Leggenda è la seconda opera lirica composta da Alessandro Solbiati (Il carro e i canti, da Puškin, è andata in scena nel 2009 a Trieste) ed è ispirata al capitolo Il Grande Inquisitore de I fratelli Karamazov di Fëdor Dostoevskij. Il libretto, scritto dallo stesso compositore, prevede in scena Ivan Karamazov, suo fratello Alëša (voce femminile), l’Inquisitore, lo Spirito del Non Essere e una madre. L’opera è stata commissionata dal Teatro Regio e andrà in scena in prima assoluta al Teatro Carignano, in collaborazione con MITO SettembreMusica. «Nel mio catalogo compositivo l’opera è arrivata tardi, verso i cinquant’anni – spiega il compositore – perché non volevo semplicemente raccontare una storia, volevo un testo che avesse un fortissimo significato, in una parola che esprimesse la mia ”visione del mondo”. Il Grande Inquisitore è sicuramente uno dei testi più forti che potessi incontrare; citando letteralmente Freud “l’episodio del Grande Inquisitore è uno dei vertici della letteratura universale, un capitolo di bellezza inestimabile”. Un testo che ci pone di fronte al problema della libertà dell’uomo, alla fede e alla non fede, all’immanenza e al senso del trascendente. Da tutt’altro punto di vista, l’Inquisitore è un imbonitore abilissimo, molto “contemporaneo” nel suo saper ammutolire le coscienze conquistandole e irretendole.
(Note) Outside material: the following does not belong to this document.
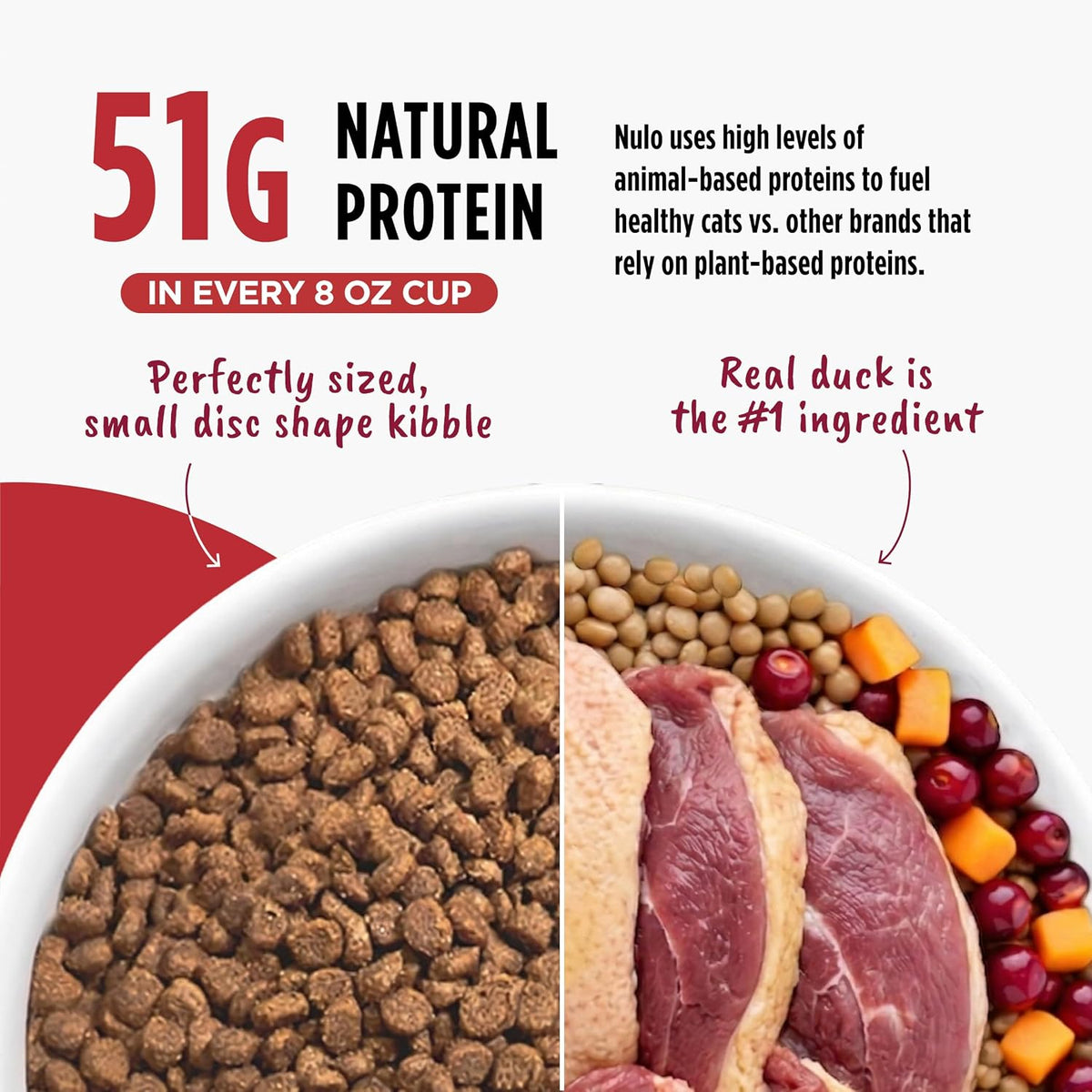 Nulo FreeStyle Dry Cat Food Indoor - Duck & Cod, High Protein Grain-Free Dry Cat Food, Natural Kibble with Probiotics and Omegas Fatty Acids, 4lb Bag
Ma l’immagine forte, il motivo che mi ha spinto a scrivere quest’opera, è il finale del racconto di Ivan: mentre lo leggi, a un certo punto, quasi ti convinci che il Grande Inquisitore abbia ragione. Ma quando ci si chiede (assieme peraltro ad Alëša) come il racconto possa terminare, dopo che l’Inquisitore ha concluso il suo atto d’accusa con una nuova condanna a morte per Cristo, ecco che questi, che non ha mai aperto bocca, si alza, abbraccia e bacia un attonito Inquisitore. Un gesto d’amore più forte d’ogni ragione e requisitoria. Quel gesto d’amore vale più di tutto. Mi piace che questo sia il messaggio dell’opera». Leggenda è dedicata a Roberto Bosio, il direttore dell’Area artistica del Teatro Regio scomparso nel 2009: «il maestro Bosio ha seguito in maniera straordinaria il mio progetto e il suo apporto è stato fondamentale per la realizzazione dell’opera – racconta Solbiati –, ma devo il debutto della mia opera anzitutto al grande entusiasmo di Gianandrea Noseda, che ha subito condiviso la mia idea».